The second thing that I’ve noticed is women start too late in the process. We’ve talked and talked about it, but nobody is changing the culture. So the women who come out to compete always come out too late. So now, its five months to the general election but you find that some women are saying “oh I’m still thinking”. It’s late. Because the men who knew they wanted to run in 2015, they started the process three years ago. They are the ones who know who the delegates are because they ensured that their party members were delegates, because now they have this collection of delegates that they have invested in over time. So women always start too late.
In other words the men have been more strategic?
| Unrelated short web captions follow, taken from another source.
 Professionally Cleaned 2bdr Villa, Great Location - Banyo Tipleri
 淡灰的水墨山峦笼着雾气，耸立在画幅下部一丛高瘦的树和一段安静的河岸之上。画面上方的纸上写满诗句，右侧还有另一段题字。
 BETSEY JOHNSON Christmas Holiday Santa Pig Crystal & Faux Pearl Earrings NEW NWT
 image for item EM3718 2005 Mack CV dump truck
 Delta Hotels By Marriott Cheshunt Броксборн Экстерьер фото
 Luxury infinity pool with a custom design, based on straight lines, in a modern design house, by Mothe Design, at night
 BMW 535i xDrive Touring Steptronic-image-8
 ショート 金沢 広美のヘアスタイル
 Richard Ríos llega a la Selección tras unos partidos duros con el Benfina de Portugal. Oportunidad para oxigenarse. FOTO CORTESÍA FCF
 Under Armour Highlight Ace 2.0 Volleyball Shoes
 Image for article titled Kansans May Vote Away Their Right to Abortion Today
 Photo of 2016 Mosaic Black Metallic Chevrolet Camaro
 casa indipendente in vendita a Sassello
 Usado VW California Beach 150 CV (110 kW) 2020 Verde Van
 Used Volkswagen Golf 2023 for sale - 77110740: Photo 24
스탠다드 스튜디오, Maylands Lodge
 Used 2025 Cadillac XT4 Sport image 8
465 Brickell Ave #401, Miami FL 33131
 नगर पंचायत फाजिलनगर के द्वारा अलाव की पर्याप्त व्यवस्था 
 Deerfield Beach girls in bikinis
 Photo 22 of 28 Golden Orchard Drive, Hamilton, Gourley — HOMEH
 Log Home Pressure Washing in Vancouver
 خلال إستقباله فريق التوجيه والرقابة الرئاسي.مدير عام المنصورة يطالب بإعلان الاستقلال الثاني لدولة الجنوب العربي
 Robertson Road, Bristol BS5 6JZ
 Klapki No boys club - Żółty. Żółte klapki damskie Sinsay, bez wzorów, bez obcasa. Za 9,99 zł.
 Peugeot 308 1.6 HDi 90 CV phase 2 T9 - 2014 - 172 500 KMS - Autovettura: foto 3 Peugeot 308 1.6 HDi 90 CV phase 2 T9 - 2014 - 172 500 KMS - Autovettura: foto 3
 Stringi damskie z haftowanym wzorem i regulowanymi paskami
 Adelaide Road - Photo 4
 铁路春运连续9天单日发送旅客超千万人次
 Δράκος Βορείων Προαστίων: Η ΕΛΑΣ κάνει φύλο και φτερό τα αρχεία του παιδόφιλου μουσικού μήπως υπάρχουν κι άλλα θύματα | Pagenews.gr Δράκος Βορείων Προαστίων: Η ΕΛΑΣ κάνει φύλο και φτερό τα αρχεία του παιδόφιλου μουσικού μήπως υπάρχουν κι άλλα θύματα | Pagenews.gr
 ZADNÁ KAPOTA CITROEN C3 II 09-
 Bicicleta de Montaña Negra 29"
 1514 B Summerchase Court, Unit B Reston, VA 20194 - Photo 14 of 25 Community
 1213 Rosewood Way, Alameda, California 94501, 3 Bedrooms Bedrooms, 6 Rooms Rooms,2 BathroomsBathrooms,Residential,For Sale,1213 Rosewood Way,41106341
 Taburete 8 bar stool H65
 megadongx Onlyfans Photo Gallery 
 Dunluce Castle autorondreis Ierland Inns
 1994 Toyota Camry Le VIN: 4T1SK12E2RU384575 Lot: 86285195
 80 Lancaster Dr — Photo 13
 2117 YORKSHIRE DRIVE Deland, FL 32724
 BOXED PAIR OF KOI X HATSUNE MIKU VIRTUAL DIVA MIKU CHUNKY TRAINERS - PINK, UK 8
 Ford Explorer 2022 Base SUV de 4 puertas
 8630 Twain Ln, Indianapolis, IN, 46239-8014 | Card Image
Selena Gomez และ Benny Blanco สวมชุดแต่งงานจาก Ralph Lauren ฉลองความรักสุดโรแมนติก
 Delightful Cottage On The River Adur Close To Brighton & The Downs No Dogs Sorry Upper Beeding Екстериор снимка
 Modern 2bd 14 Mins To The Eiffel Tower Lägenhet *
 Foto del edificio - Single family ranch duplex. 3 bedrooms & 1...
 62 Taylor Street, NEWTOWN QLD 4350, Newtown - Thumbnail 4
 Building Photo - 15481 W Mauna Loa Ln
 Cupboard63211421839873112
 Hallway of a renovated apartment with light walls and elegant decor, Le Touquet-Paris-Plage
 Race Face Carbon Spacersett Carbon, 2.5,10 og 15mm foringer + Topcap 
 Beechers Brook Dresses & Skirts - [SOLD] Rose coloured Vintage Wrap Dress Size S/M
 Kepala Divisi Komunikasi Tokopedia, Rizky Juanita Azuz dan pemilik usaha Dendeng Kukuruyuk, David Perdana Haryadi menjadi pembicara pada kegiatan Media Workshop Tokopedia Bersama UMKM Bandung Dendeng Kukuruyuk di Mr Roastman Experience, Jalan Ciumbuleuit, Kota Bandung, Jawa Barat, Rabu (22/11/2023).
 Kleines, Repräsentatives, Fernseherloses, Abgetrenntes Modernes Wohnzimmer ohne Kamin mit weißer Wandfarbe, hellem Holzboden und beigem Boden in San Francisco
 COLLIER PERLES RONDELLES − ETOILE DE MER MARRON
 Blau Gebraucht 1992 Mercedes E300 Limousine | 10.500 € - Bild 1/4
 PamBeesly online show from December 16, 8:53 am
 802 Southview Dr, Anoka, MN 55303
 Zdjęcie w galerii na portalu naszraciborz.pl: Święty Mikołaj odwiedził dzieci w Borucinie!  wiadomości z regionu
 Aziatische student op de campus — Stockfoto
Yes. They are already in the game. And that leads to the third issue. Women don’t know what the process is. We don’t take time to understand what is involved. So we know that it’s dysfunctional within the parties but still don’t understand how it works in that dysfunctional order. Understand what the rules are so that you can navigate them. Women don’t invest enough time. So, again you hear of many cases of women saying they want to run, but they don’t even know what the processes are. They don’t know that delegates are selected, they don’t have the details, they just know that oh, parties waive forms. So while women advocates, gender advocates have been asking for quotas either through the constitution or through the parties. We’ve had lots of sessions since 2011 and now, with political parties trying to convince them to adopt quotas the same way ANC in South Africa did but they’ll tell you no, what we have for women is free nomination forms. So, so many women come out with just, oh yes its free forms but they don’t really understand all the other things that they need to do.
Beyond the free forms.
Exactly, so that for me is another drawback. So for me those are the key things that I think women should do better. And then, maybe the fourth and last one, because we talked about it recently. We all know how expensive politics is and I’ll even use a personal story. So a couple of weeks ago, I actually did seriously consider that maybe I should run. A lot of people have said to me “ah you should run, you know you fit the bill…bla bla bla. We need people like you”. When you hear that often enough, it really does begin to resonate and you start thinking, ah why not. And then when you mix with the politicians you are like “of course why not”. You know like you sort of say, if they can do it then I can do it. So I started consulting with the different major parties. The decision was to run for FCT in my mind. I’m not from FCT but I’ve always learnt that…
For FCT what, the House?
House of Representatives, Constituency- AMAC, Bwari. So there are three members of the National Assembly in FCT, two House of Rep Members and one Senate. So first of all you have to do your analysis. PDP versus APC, let’s just say, let’s use the two. So that’s another thing women need to do. Do your political analysis. But then you’d find out that oh, these particular people who hold these seats have already locked it down so to speak. Some party members will tell you “oh you are already late”. Which again comes back to women starting early. Why am I just thinking about it last month when I’ve known for a while that elections will be in 2015? So by that time these candidates have locked it down, they’ve been investing, they too are spending money on people who make these decisions. So I said ok, let’s try it in party B, still trying to talk to as many people as can be. So I now met with a consultant and let me tell you, my first meeting was like really an opener. So he tells me all the things I need generally to start. First of all he tells me “you need three cars”.
Three what? Three cars.
Yes, motor (General laughter). You need three cars. Why? Because, well you know, you’ll be traveling round Abuja. So preferably a jeep because you know people don’t want to see poor candidates. They need candidates to show affluence (prestige) yes, exactly. You can’t look hungry. You must look like you are already there. So have at least one jeep, then maybe have a 406, then maybe you can have a Toyota or hmmmm, ok Golf. But you need an outrider and a back car. So why do you need that? If you are going to visit the ward or local chiefs you’ll send the three cars to go and get people ready, gather them together before you arrive. So that’s, find the money for three cars. Then please bring 100k, (hundred thousand naira) because you need to buy your delegate list, what I talked about earlier. You need the authentic delegate list for the two wards that you are going to be contesting for. So these are the people who will be voting for you during the primaries. You need to know who they are so you’ll start building the relationship with them. That’s practical. You might need, you need a PA because you have to stop answering your phones because people will be trying to reach you day and night. Give your phone to somebody else. This person, somebody trusted who will be on retainer. Also get security because well, you know. And then, it’s on and on. Budget, once you have the list of delegates, in your mind start budgeting what you need to pay for them and it can’t be less than 100,000. And even seasoned politicians that I talked to said yes it’s true. Abuja delegates are spoilt. You know there’s a lot of money in the center. So be ready to spend at least a thousand, a hundred thousand on each delegate just to keep them sweet.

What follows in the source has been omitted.